Failure to Keep Call Light Within Reach for Dependent Resident
Penalty
Summary
The deficiency involves the facility’s failure to ensure a resident’s call light was accessible as required by facility policy and necessary to reasonably accommodate the resident’s needs. The facility’s policy on answering call lights, dated 01/16/2026, states that when a resident is in bed or confined to a chair, the call light must be within easy reach. Resident #3 was admitted on 12/07/2023 with diagnoses including mononeural disorder, paraplegia, epilepsy, and peripheral vascular disease. A quarterly MDS with an ARD of 03/03/2026 documented a BIMS score of 6, indicating severe cognitive impairment, and showed the resident required setup assistance with eating, was dependent for toileting and personal hygiene, and needed substantial/maximal assistance to roll left to right. On multiple observations on 03/24/2026, surveyors found the resident’s call bell out of reach despite the resident’s reliance on it to express needs. At 10:12 a.m., the resident was lying in bed with eyes closed and the call bell was on the floor on the right side of the bed, not within reach.
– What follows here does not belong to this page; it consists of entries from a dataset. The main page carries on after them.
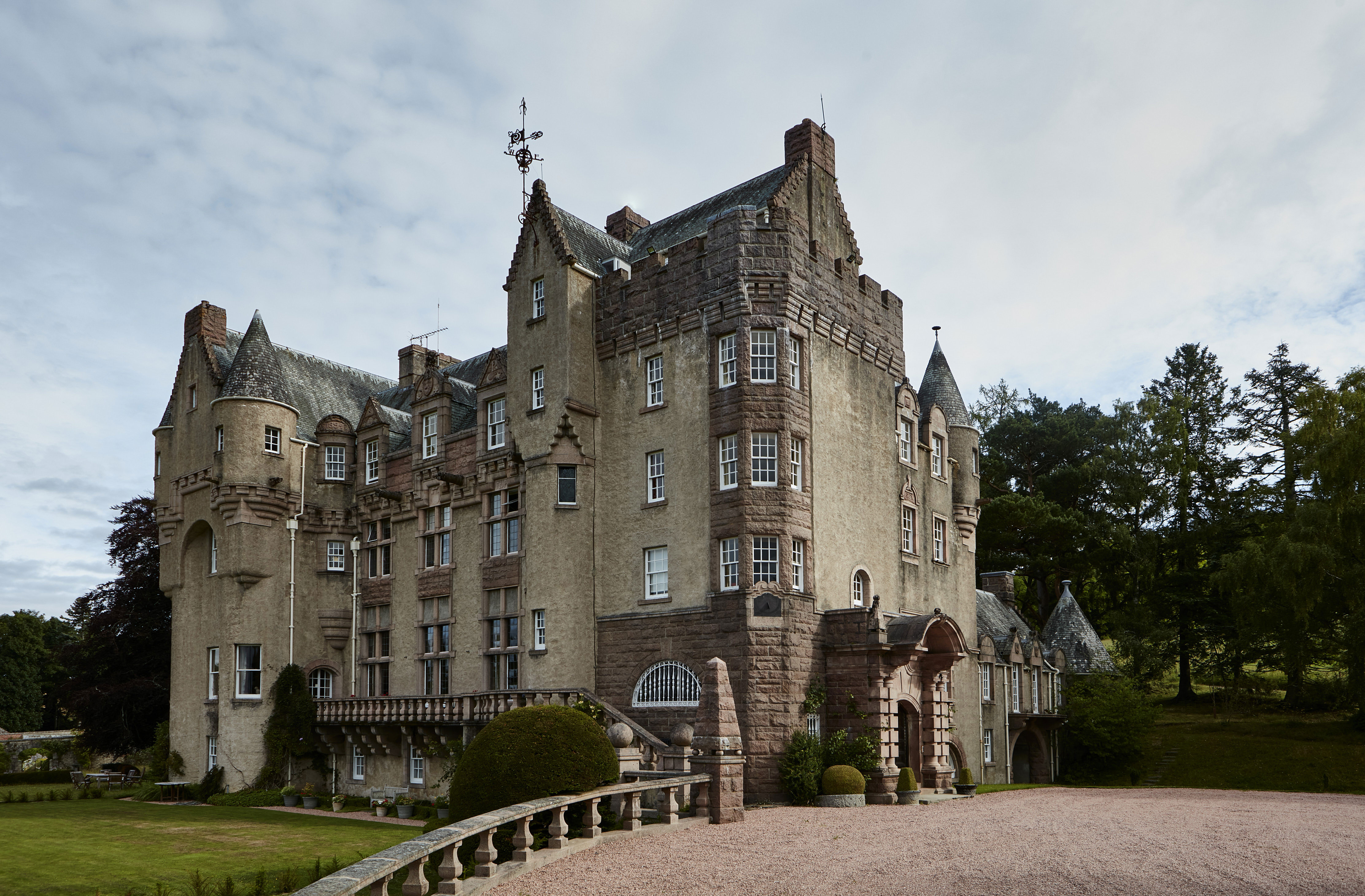 Rent a Castle for New Year 2026 nearest to the Scottish Highlands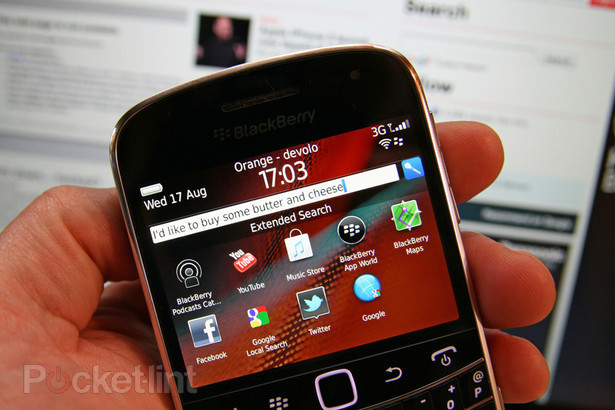 Супертелефоны и их ОС: Большая битва в журнале Stuff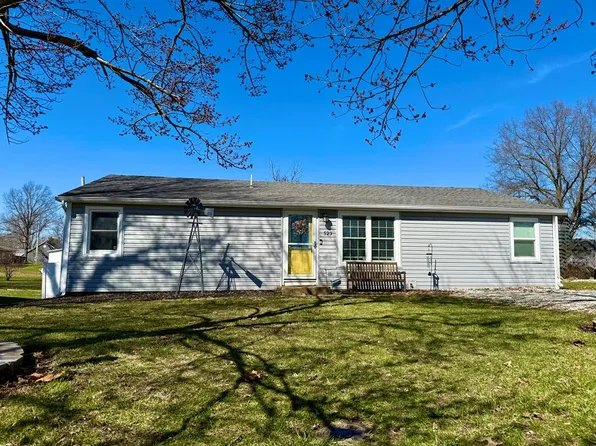 523 E Sanders St, La Plata, MO 63549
At 12:24 p.m., the resident was awake and alert in bed, and again the call bell was on the floor and not reachable; the resident stated he could not reach it. During an interview at 12:45 p.m., a CNA familiar with the resident confirmed the resident could express needs with short responses and used the call bell. At 12:48 p.m., with the CNA present, the call bell was still on the floor and not within reach, and the CNA acknowledged it should have been accessible. Later observations at 1:41 p.m. and 3:00 p.m. found the resident awake and alert in a reclined position in a Geri chair, with the call bell hanging on the side of the bed and again out of reach; the DON, present at 3:00 p.m., confirmed the call bell was not within reach and should have been.